A customer's instruction is any instruction given for the performance of construction work, including the building design document handed over by the customer to the contractor. Problems arise when the contractor, often out of ignorance, did not inform the customer about the risks and dangers associated with faulty or inappropriate instructions.

There are several examples of practice where the contractor had to construct the building on the basis of a building design document provided by the customer, but during the construction, it turned out that the design document contained design errors. Construction on the basis of a faulty building design document may result in a breach of contract by the contractor, which gives the customer the right to file various claims against the contractor. Therefore, it is relevant to ask where does the limit of liability of the contractor run if the instructions given by the customer prove to be faulty or inappropriate in retrospect?

The law provides for the rule that a building contractor, as a professional, must always check the instructions received from the customer before implementing them. The contractor must not 'blindly' follow the instructions given by the customer. This applies also to the building design document. If the contractor discovers design errors in the building design document, they must immediately inform the customer of those errors. The contractor must also explain to the customer the risks and dangers associated with design errors. The contractor shall be released from liability for a possible breach of contract only after the customer has been informed of the design errors and the customer confirms that they still wish to continue the building works according to this building design document.   

However, the contractor should not resume the construction on the basis of a faulty building design document or instructions given by the customer (even if the customer has confirmed the wish to comply with them) if this results in a building that does not comply with the standards or is dangerous to the life and health. Thus, the contractor should not ignore the construction requirements, including safety requirements, arising from the legislation and the relevant construction standards. In its judgment of 30.11.2005 in civil case No 3-2-1-131-05, the Supreme Court has explained that although construction standards are not legal acts, i.e. are not of a mandatory nature, the safety requirements contained therein are mandatory.

When is the contractor responsible for design errors?

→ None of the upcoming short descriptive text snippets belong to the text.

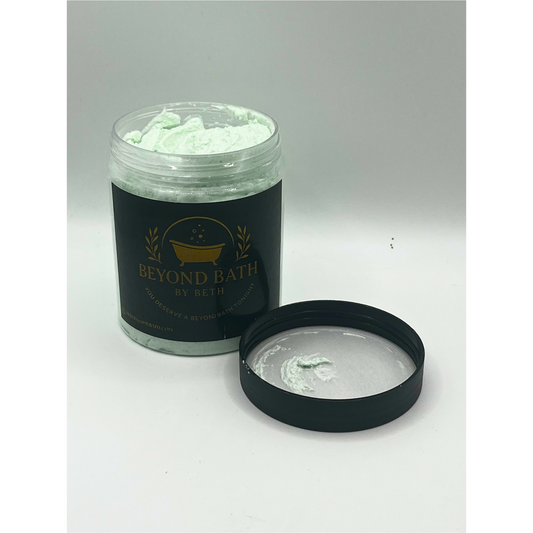 8 oz WHIPPED BODY SUGAR SCRUBS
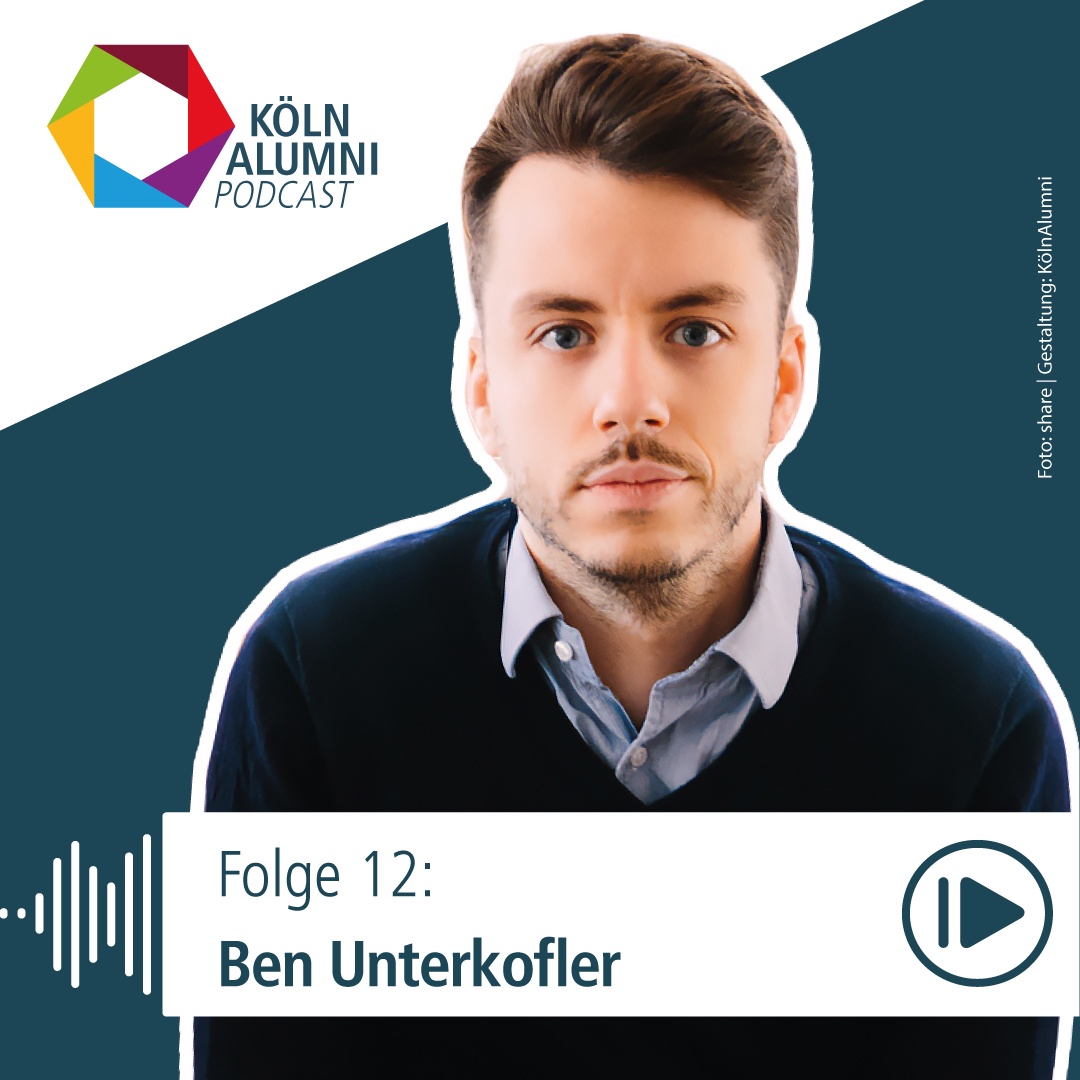 Ben Unterkofler - Vom Schauspieler zum Gründer des Startups 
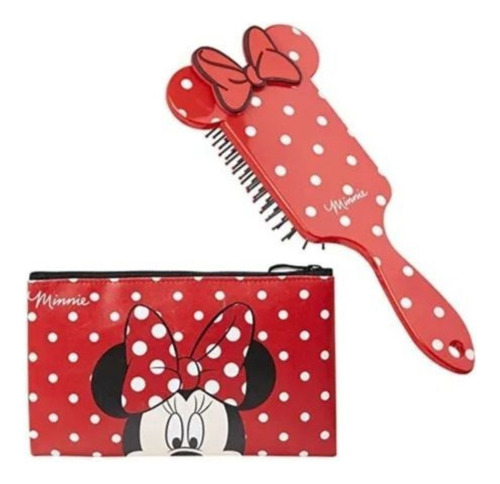 Set Cepillo Y Necessaire Niñas Disney Fisher Price Color Rojo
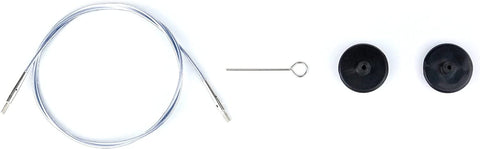 LYKKE | Interchangeable Cords :: Clear Swivel 5"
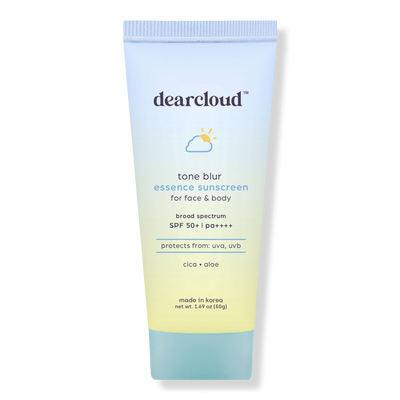 dearcloud Tone Blur Essence Sunscreen SPF 50+ PA++++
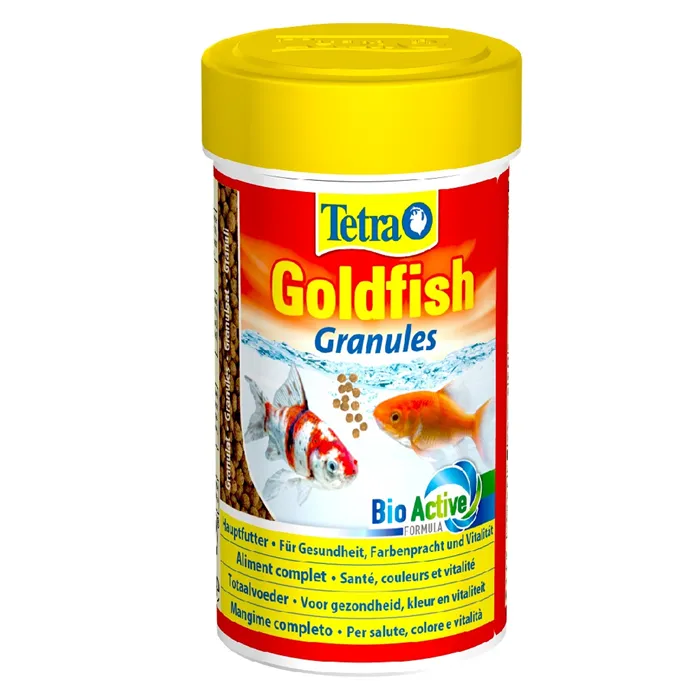 Корм для рыб Tetra Goldfish Granules гранулы 100мл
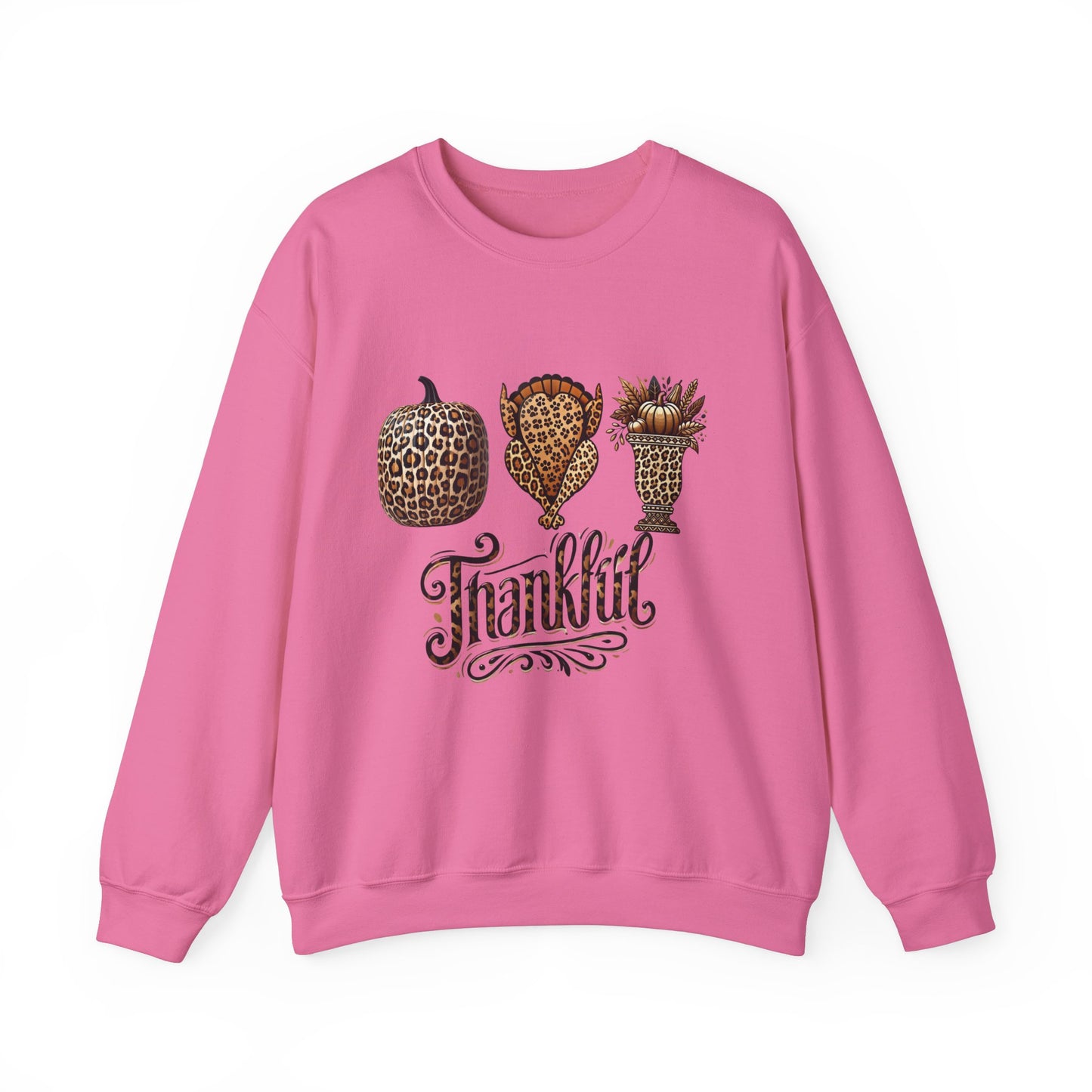 Thankful Sweatshirt, Thanksgiving Shirts, Cute Winter Sweater, Holiday Shirt for Women, Christmas Crewneck Sweatshirt, Holiday Sweater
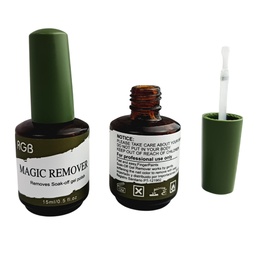 [610031] Removedor de esmalte en gel tapa verde - RGB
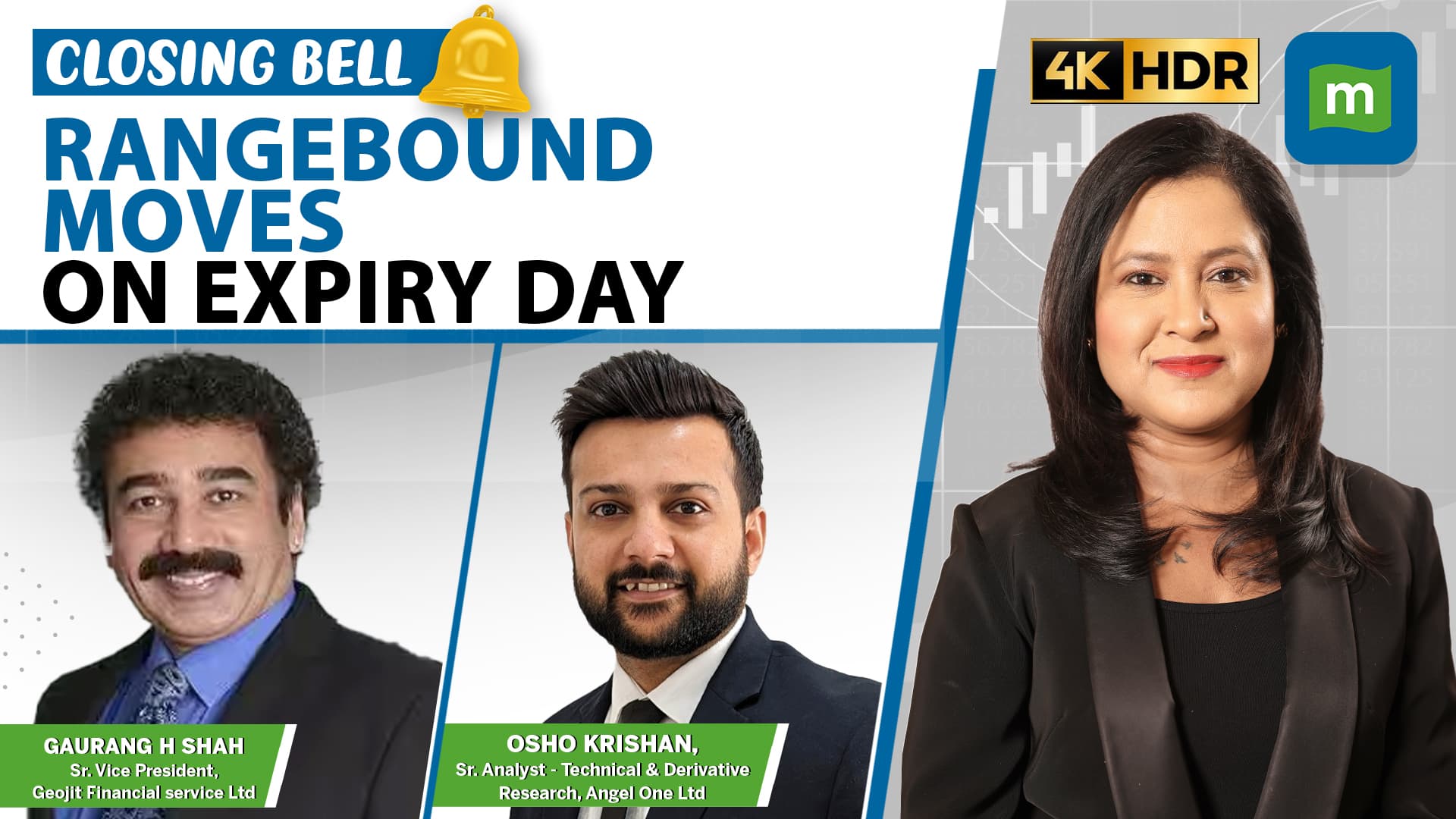 Nifty Trades in a Narrow 100-Point Range on 2025’s Final F&O Expiry | Closing Bell Live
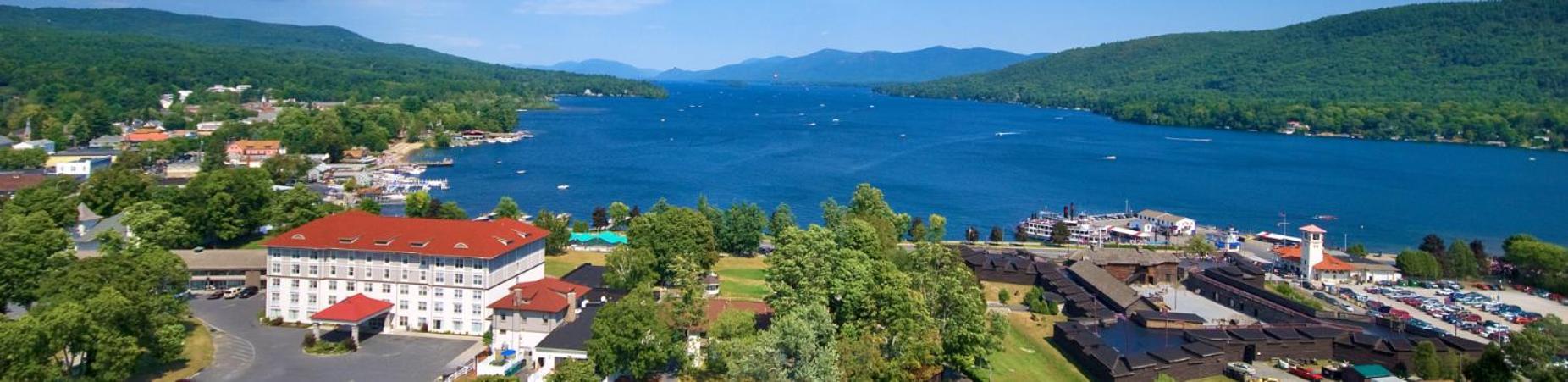 Fort William Henry Hotel 레이크 헤오르헤 외부 사진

Detecting design errors may not be easy in practice. Often, specific errors in a building design document are revealed only during the construction and the expert assessment. In this situation, the courts have taken a slightly softer line towards the contractor. The courts have stated that, as a rule, the contractor must examine the design documentation to the extent that it would allow it to detect obvious design errors. However, the question of what is an 'obvious design error' depends on the individual case, and the parties to the contract may have a very different vision in this regard. In any event, the contractor is not expected to carry out an expert assessment of the design document unless such a requirement arises from the construction contract itself.

In addition, it should be borne in mind that even such design errors, the discovery of which could not reasonably be expected from the contractor, may not relieve him from responsibility for defective work. For example, a contractor is also responsible for defective work if, when building according to a faulty design, he violates the legislation and the mandatory technical regulations governing construction. The contractor must also ensure that the building work and the structure are safe, and this obligation is on the contractor even if the design submitted by the customer contains design errors.